Nigerian government stops controversial budgetary allocations

The Nigerian government has discontinued the allocation of funds for the maintenance of plants and generators in its foreign missions and embassies in countries with stable power supply.

This stoppage comes years after a PREMIUM TIMES’ investigation exposed the controversial budgetary disbursement.

The award-winning investigationrevealed the allocation of nearly a quarter of a billion Naira for the maintenance of generators to foreign embassies, which clearly have no need for power generators due to the absence of power cuts in the countries.

The story revealed that despite paying N523 million for electricity charges in 2013, the embassies would spend an extra N170 million – N117 million for fuelling and N51.9 million for maintenance of plants – to power generators in some 100 foreign missions.

The investigation discovered that the funds for the maintenance of generator was not a feature of previous budgets until it was inserted in the 2013 budget.

But a review of the recently released 2017 budget estimate shows that the government has partially discontinued the controversial allocations. The controversial provisions were also not made in the 2016 budgets.

In the 2017 budget, while no funds were allocated for fuelling and maintenance of plants and generators, in foreign missions in countries with stable power supply, funds were allocated for the maintenance of generators and plants in countries with erratic power supply, mainly Third-World countries.

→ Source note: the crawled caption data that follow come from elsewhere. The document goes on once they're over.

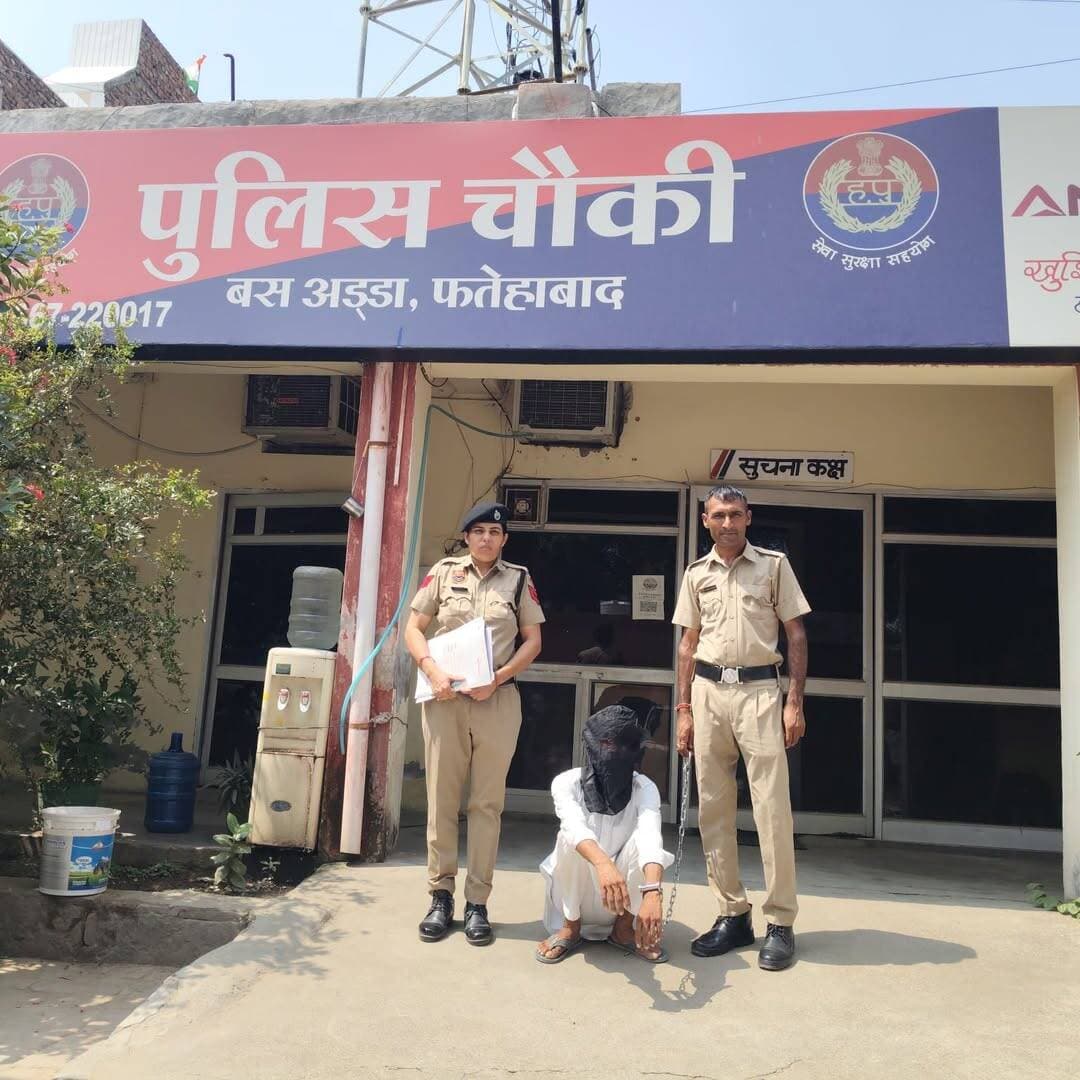 *बस अड्डा चौकी पुलिस की कार्रवाई, मोटरसाइकिल चोरी मामले में एक आरोपी काबू*
*– आरोपी से चोरीशुदा मोटरसाइकिल बरामद, मामले की जांच जारी*
फतेहाबाद, 16 सितंबर। बस अड्डा चौकी पुलिस ने मोटरसाइकिल चोरी के मामले में कार्रवाई करते हुए एक आरोपी को काबू किया है। आरोपी की पहचान विक्की सिंह पुत्र काका सिंह निवासी फूलो मेहर सिंह वाली, जिला सिरसा के रूप में हुई है। पुलिस ने आरोपी के कब्जे से चोरीशुदा मोटरसाइकिल भी बरामद की है। आरोपी को माननीय न्यायालय में पेश किया जाएगा।
बस अड्डा चौकी प्रभारी उपनिरीक्षक सुमित कुमार ने बताया कि गांव अलावलवास निवासी संजय कुमार ने पुलिस को दी शिकायत में बताया था कि 8-9 अप्रैल 2022 की मध्यरात्रि उसकी हीरो होंडा मोटरसाइकिल नंबर HR59B-2710 लाइफ केयर अस्पताल, फतेहाबाद के गेट के सामने खड़ी थी। इसी दौरान अज्ञात व्यक्ति मोटरसाइकिल चोरी कर ले गया।
शिकायत के आधार पर थाना शहर फतेहाबाद में अभियोग संख्या 209 दिनांक 10.04.2022, धारा 379 IPC के तहत मामला दर्ज कर जांच शुरू की गई थी।
पुलिस ने जांच को आगे बढ़ाते हुए आरोपी विक्की सिंह को काबू कर उसके कब्जे से चोरीशुदा मोटरसाइकिल बरामद कर ली। चौकी प्रभारी सुमित कुमार ने बताया कि मामले की नियमानुसार आगे की जांच जारी है।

For instance, while funds were allocated for the maintenance and fuelling of generators in missions in Ghana, Ivory Coast, Ethiopia, Malaysia and Cameroon, allocations for the items were not made for missions in Germany, China, Turkey, Switzerland, Vietnam, Pakistan, United States.

In African capitals, no funds were allocated for maintenance and fuelling of generators in foreign missions in Dakar, Maputo, Kigali, Pretoria, and Tunis.

The mission in Cairo got an allocation of N3,072,000.00 for fuelling of generator but received no allocations for generator maintenance. Similarly, the mission in Algiers was allocated N614,000 for fuelling of generator but received nothing for generator maintenance.

The mission domiciled in Lisbon, Portugal was, however, allocated N192,000.00 for generator maintenance.

It is the only Western-based mission that received allocation for generator maintenance.

However, no fund was allocated for fuelling of the generator. Portugal, like most other European countries, has regular power supply.